Great job.    But I'm afraid for you.    :meh:     Suddenly, there aren't going to be enough hours in the day!   



Really nice exposures, and lovely tonality here.    Hard to beat that Tmax 400 for a quick "lock & load", ain't it?    :thumbup:     Always comes through.

Congrats on your success with the new baby!


----------



## Buckster

terri said:


> Great job.    But I'm afraid for you.    :meh:     Suddenly, there aren't going to be enough hours in the day!
> 
> 
> 
> Really nice exposures, and lovely tonality here.    Hard to beat that Tmax 400 for a quick "lock & load", ain't it?    :thumbup:     Always comes through.
> 
> Congrats on your success with the new baby!


Thank you kindly!

Yeah, this Tmax is great stuff.  Very capable and forgiving, with terrific tones and detail.  I'm really loving it.  And the camera is just plain fun to use!


----------



## apertureman

Great shots! I bet we're only getting bits of the resolution you're getting on those!

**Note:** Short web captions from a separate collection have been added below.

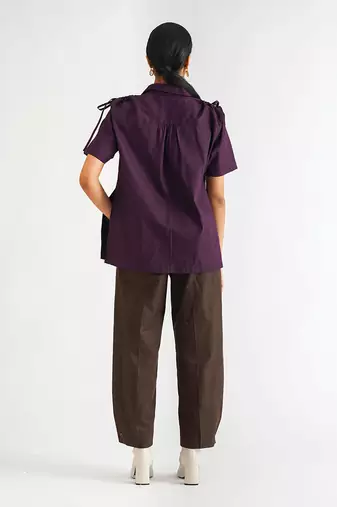 Puple cotton poplin tops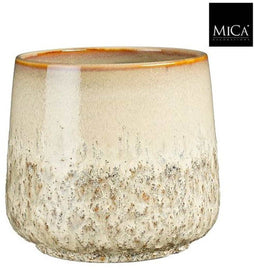 Mica Decorations Bloempot Mylo - 20.5x20.5x19 cm - Keramiek - Beige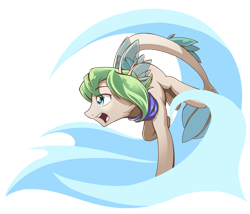 Size: 1280x1098 | Tagged: safe, artist:mutant-horsies, oc, oc only, merpony, blue eyes, chibi, commission, dorsal fin, fish tail, green mane, open mouth, simple background, solo, tail, teeth, transparent background, water, wave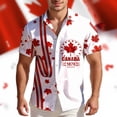 thumbnail image 5 of IWRICH Men's Hawaiian Shirts Casual Canadian Maple Leaf Print Shirts Short Sleeve Button down Shirts 09-White XXL, 5 of 5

What do you use for a scanner?


----------



## Buckster

apertureman said:


> Great shots! I bet we're only getting bits of the resolution you're getting on those!
> 
> What do you use for a scanner?


Thank you kindly.

Yeah, there's a LOT of fine resolution/detail on this end.  Blowing these things up into huge prints would be no problem at all, which is one of the capabilities I want to explore with this, after I get my C-41 processing down.

I'm scanning with a Canon 8800f.


----------